Das Mädchen tat Fidelma leid, denn ihre Gefühle für den jungen Mann waren offenkundig. Sie wusste sehr wohl, dass die Gruppe von Asketen, die Rom bedrängte, ein Edikt zugunsten des Zölibats zu erlassen, sich zunehmend Gehör verschaffte, auch wenn das noch nicht allzu lautstark geschah. Selbst Abt Servillius schien ihren Argumenten erlegen.

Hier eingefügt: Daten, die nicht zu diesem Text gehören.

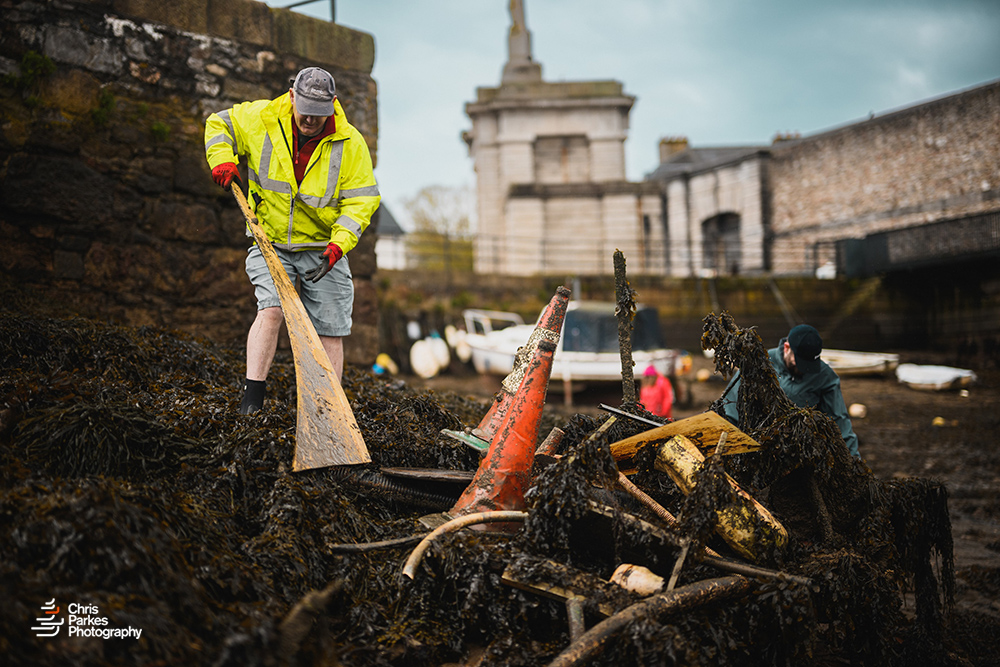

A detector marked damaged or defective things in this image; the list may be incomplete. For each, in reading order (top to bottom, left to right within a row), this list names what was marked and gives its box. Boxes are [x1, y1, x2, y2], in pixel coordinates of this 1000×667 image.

rusty metal pole [612, 250, 636, 404] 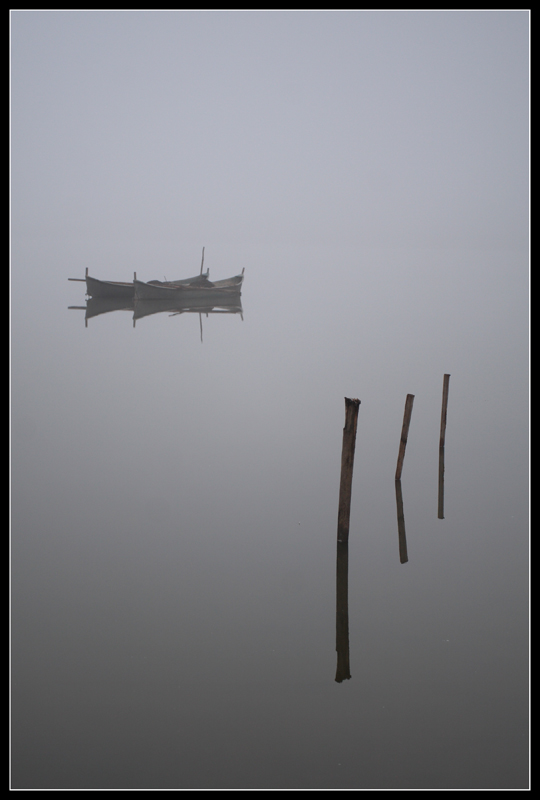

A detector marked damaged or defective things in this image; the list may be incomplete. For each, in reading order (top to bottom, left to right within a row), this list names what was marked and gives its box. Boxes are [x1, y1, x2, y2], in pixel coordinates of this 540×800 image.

bent wooden pole [336, 398, 360, 548]
bent wooden pole [394, 390, 416, 478] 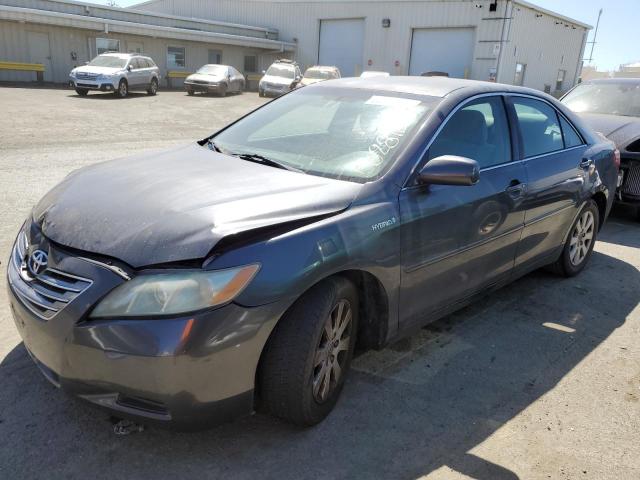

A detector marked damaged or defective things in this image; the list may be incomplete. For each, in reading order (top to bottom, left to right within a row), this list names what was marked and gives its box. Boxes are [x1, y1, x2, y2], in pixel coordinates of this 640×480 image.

damaged hood [576, 112, 640, 146]
damaged hood [33, 144, 360, 268] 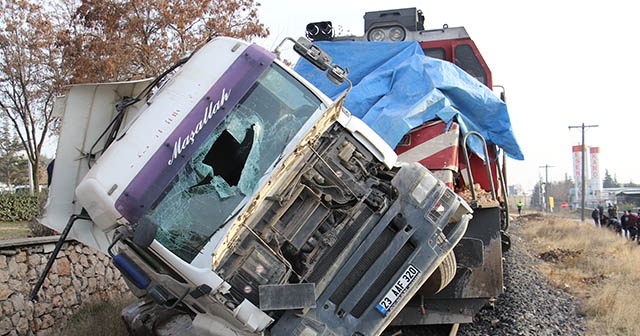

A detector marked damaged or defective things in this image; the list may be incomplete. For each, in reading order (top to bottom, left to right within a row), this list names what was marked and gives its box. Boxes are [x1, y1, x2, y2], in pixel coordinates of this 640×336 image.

shattered windshield [148, 64, 322, 262]
crashed truck cab [40, 35, 470, 334]
overturned vehicle [36, 23, 520, 336] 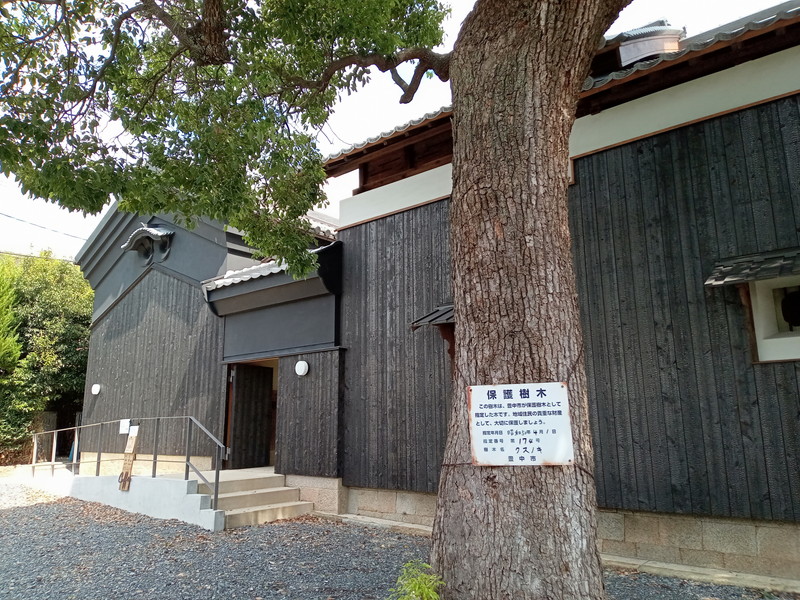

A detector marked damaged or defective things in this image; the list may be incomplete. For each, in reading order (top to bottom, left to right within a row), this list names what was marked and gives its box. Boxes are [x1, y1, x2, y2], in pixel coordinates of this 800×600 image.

charred wood siding [81, 268, 227, 454]
charred wood siding [276, 350, 340, 476]
charred wood siding [338, 200, 454, 492]
charred wood siding [568, 94, 800, 520]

Noch hatte der Heilige Vater nichts Verbindliches verfügt, noch blieb es offensichtlich den einzelnen Äbten überlassen, wie sie die Sache handhabten.

Wiederum hatte Papst Siricius, nachdem er in Rom auf den Heiligen Stuhl berufen worden war, seine Frau und seine Kinder verstoßen. Er schien durchsetzen zu wollen, dass Priester und andere Geistliche nicht länger mit ihren Ehefrauen das Bett teilten. Schon ein Jahrhundert zuvor hatte auf dem Konzil zu Tours der gleiche Gedanke zur Debatte gestanden, auch da hatte man sich für eine Regelung ausgesprochen, dass Priestern, die zusammen mit ihren Frauen schliefen, nicht erlaubt sein sollte, Gottesdienste abzuhalten. Der Vorschlag hatte sich damals nicht durchsetzen können.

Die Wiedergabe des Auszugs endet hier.